----- Data
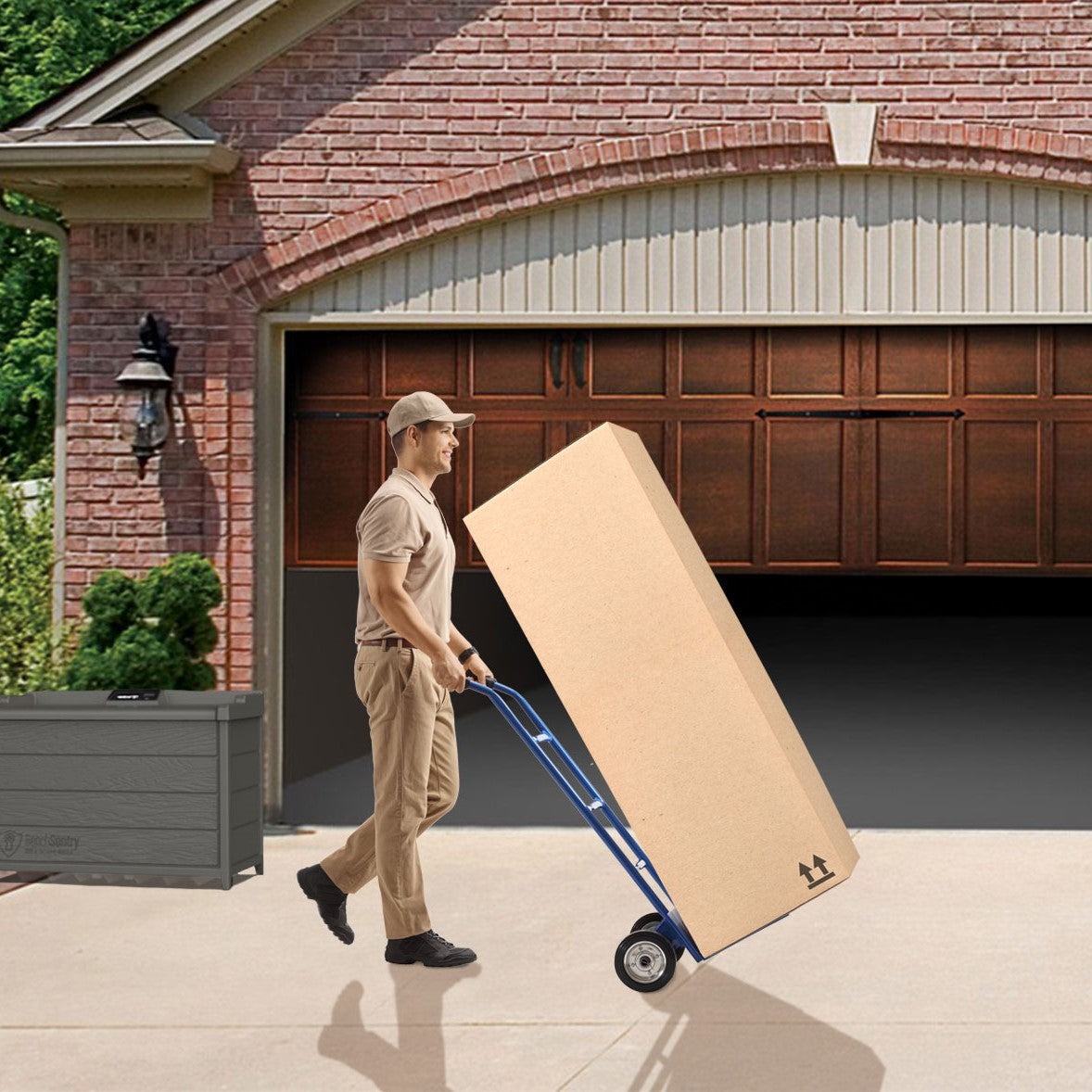 Delivery person with a large package on a dolly, delivering into a garage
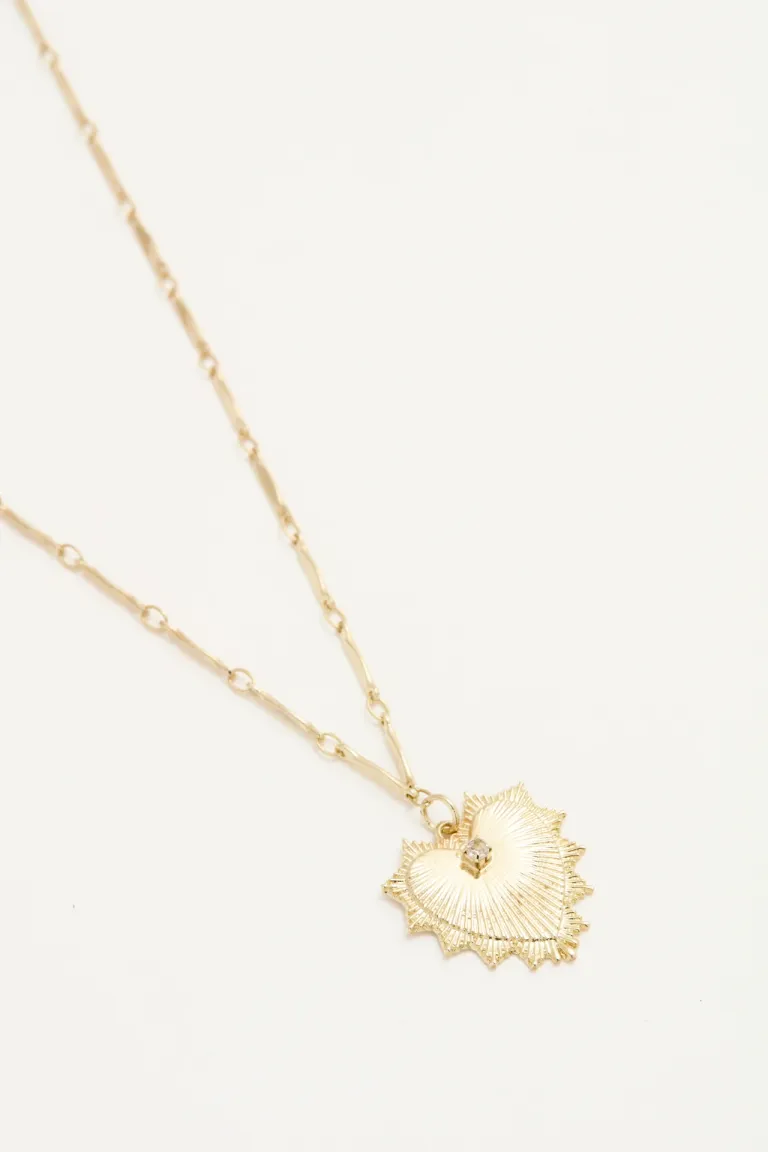 Collar de cadena texturada con dije de corazón y strass dorado de Rapsodia en Bijouterie para argentina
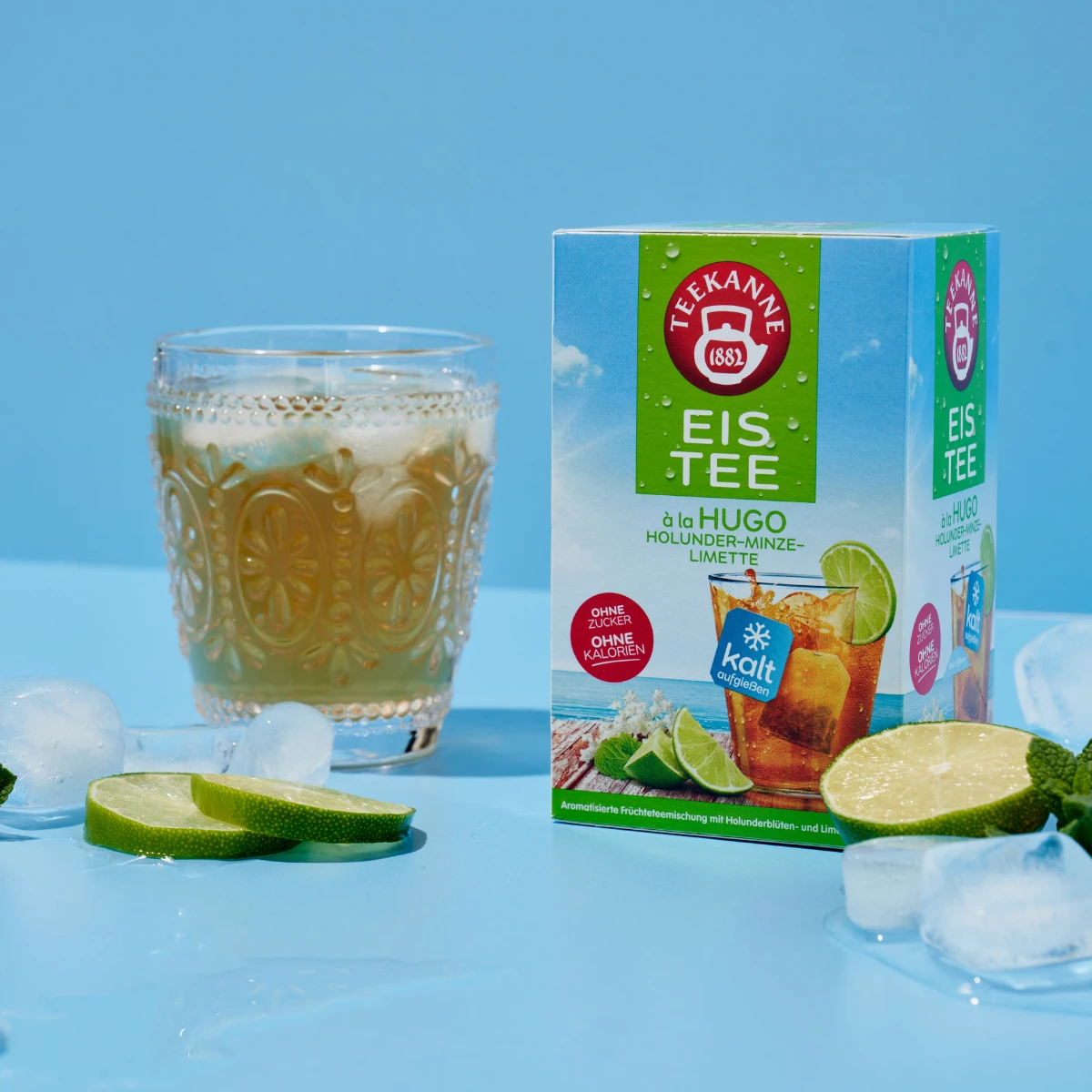 Eine Schachtel Tee à la Hugo steht auf einer blauen Fläche neben einem Glas Eistee, Eiswürfeln und Limettenscheiben vor einem hellblauen Hintergrund.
----------
• _Problem_: Would you set down each line of the data exactly, with no images included?

• _Problem solution_:
 Delivery person with a large package on a dolly, delivering into a garage
 Collar de cadena texturada con dije de corazón y strass dorado de Rapsodia en Bijouterie para argentina
 Eine Schachtel Tee à la Hugo steht auf einer blauen Fläche neben einem Glas Eistee, Eiswürfeln und Limettenscheiben vor einem hellblauen Hintergrund.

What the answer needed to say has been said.